# Kojaks on a Brompton



## Gerry Attrick (20 Mar 2012)

Has anyone changed from the standard Brompton "green label" tyres to Kojaks? If so, is it a worthwhile swap in terms of speed?


----------



## dellzeqq (20 Mar 2012)

speed over the road, or speed while fixing punctures? It's a half serious question - I see punctures on Kojak-shod Brommes a lot, but I've only had the one on my Marathon Pluses in getting on for four years


----------



## smutchin (20 Mar 2012)

I tried Stelvios on my Brompton, which were the precursors to Kojaks. I didn't find they offered any significant speed advantage (over the road) over the M+, and they were far more prone to punctures. I don't know how Kojaks compare to Stelvios but after my experience with Stelvios, I've never been tempted to try them.

d.


----------



## Gerry Attrick (20 Mar 2012)

I'm not too concerned about punctures. Firstly because there is nothing more difficult in repairing a puncture on a Brompton than on a conventional bike. It is just different. Secondly, I live in a rural area and have very few problems, even with a tubular shod vintage BSA and my old pub bike with tyres some say are puncture prone.

I was more interested in whether the Kojaks are a significant improvement over the Bromptons in reducing the vague "pedalling through treacle" sensation they have.


----------



## GrumpyGregry (20 Mar 2012)

I like the Kojaks on my B. Fast rolling. Don't have any recent stock tyre experience to compare with though.


----------



## Pottsy (20 Mar 2012)

As above, I have Kojaks on mine but no experience of other tyres on the Brompton.. Certainly pumped up to 100+ PSI they feel pretty nippy though.

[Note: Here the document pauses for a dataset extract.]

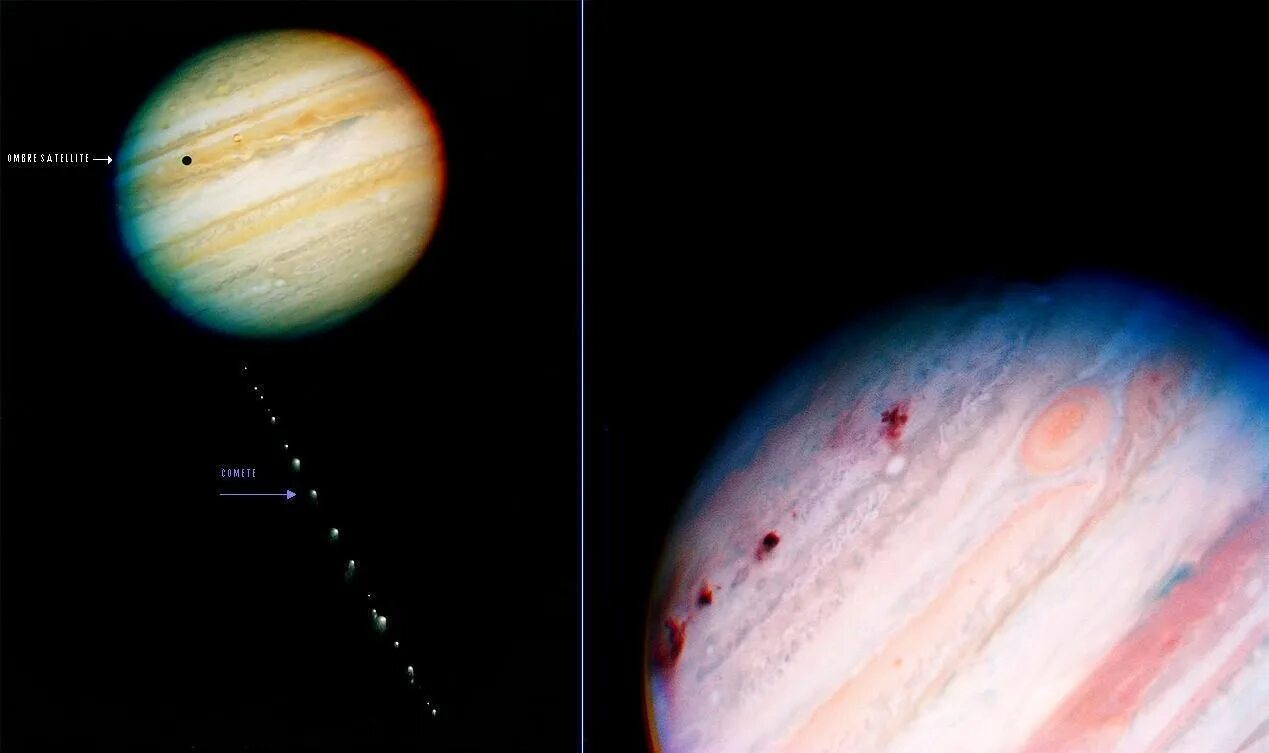 Реальные фото планет в окуляр одиночные кадры "COMETE SHOMAKER, JUPITER et ombre d'un de ses satellite" Telescopio spaziale hu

Don't forget they'll save a bit of weight too - it all helps when you're carrying the thing up stairs somewhere.

Personally I don't worry too much about punctures as I don't use mine for commuting or any urgent trips and since I live in London, I can just fold it up and get a bus/train/tube or taxi if I'm stuck.


----------



## Gerry Attrick (21 Mar 2012)

Thanks for the observations. I may have to resort to the wallet!


----------



## RecordAceFromNew (22 Mar 2012)

As a matter of interest, has anybody tried Conti Grand Prix 20" x 1-1/8 ( otherwise known as 28-406 )? It seems both lighter and takes higher pressure ( 120psi vs 95psi ) than the Kojak.


----------



## Crankarm (4 Apr 2012)

I was thinking of fitting slick tyres to mine but don't know which to go for.

I keep the brompton kevlar tyres on it at the moment near max recommended pressure which makes a difference in reducing rolling resistance. It can still bimble along at 20-25mph with minimal effort although I would like to exert slightly less effort than minimal.


----------



## steveindenmark (24 Apr 2012)

Do the new Kojaks have the pucture resistant strip inside them or have they always had that?

Steve


----------



## RecordAceFromNew (24 Apr 2012)

steveindenmark said:


> Do the new Kojaks have the pucture resistant strip inside them or have they always had that?
> 
> Steve


 
I think the question is not whether there is a puncture resistance strip, but what puncture resistance strip. Afaik they changed over the years, but currently have Raceguard (with emphasis on lightness and low rolling resistance), and which is described and compared here. There is also a huge technical doc somewhere with further info.


----------



## ufkacbln (25 Apr 2012)

dellzeqq said:


> speed over the road, or speed while fixing punctures? It's a half serious question - I see punctures on Kojak-shod Brommes a lot, but I've only had the one on my Marathon Pluses in getting on for four years


 
That is my take on this... Puncture repair times are significant on a rear Brompton wheel.

I really don't think that the speed gain would weigh up over a long period of commoting


----------



## Rohloff_Brompton_Rider (25 Apr 2012)

i have had kojaks on my brommie for long time now and had no issues. i ride everywhere, roads, bridleways, canal towpaths and manchester/salford roads full of glass. i've not had a single puncture yet. i rode approx 2000 miles on green's, 6000 miles on marathon+, 1000 miles on marathons (horrid tyres) and have done about 2000 miles on kojaks.

in my opinion and experience the kojaks are a superior tyre and mine only cost a tenner each from sjs (wire bead). as with all brommie tyres they're easy to install / remove with the right tyre levers (skinny metal ones).

repairing a rear puncture is no big deal and takes about 3 mins longer (to remove the gubbins) than the front.

edit: superior grip as well (on hard surfaces), more rubber in contact with the surface (see sheldon brown, if you don't get it).


----------



## threebikesmcginty (25 Apr 2012)

Saw this picture the other day and I guess it's relevant to the thread in that there's Kojak and bikes, back when kids had racers


----------



## smutchin (12 May 2012)

bromptonfb said:


> repairing a rear puncture is no big deal and takes about 3 mins longer (to remove the gubbins) than the front.


 
Repairing a puncture on either wheel takes longer than not having a puncture to repair.

d.


----------



## Rohloff_Brompton_Rider (12 May 2012)

smutchin said:


> Repairing a puncture on either wheel takes longer than not having a puncture to repair.
> 
> d.


true very true, although i've never had a puncture on the kojaks. ironically tho, since my post on here i've replaced the kojaks with 2 brompton greens. i wanted m+'s but neither harry halls, evans nor lbs had them in.

the kojaks were looking a bit ropey around the beads and were nigh on impossible to get seated right once i took them off to check them out.

i think the seating issues were down to the one size fits all inner tubes.


----------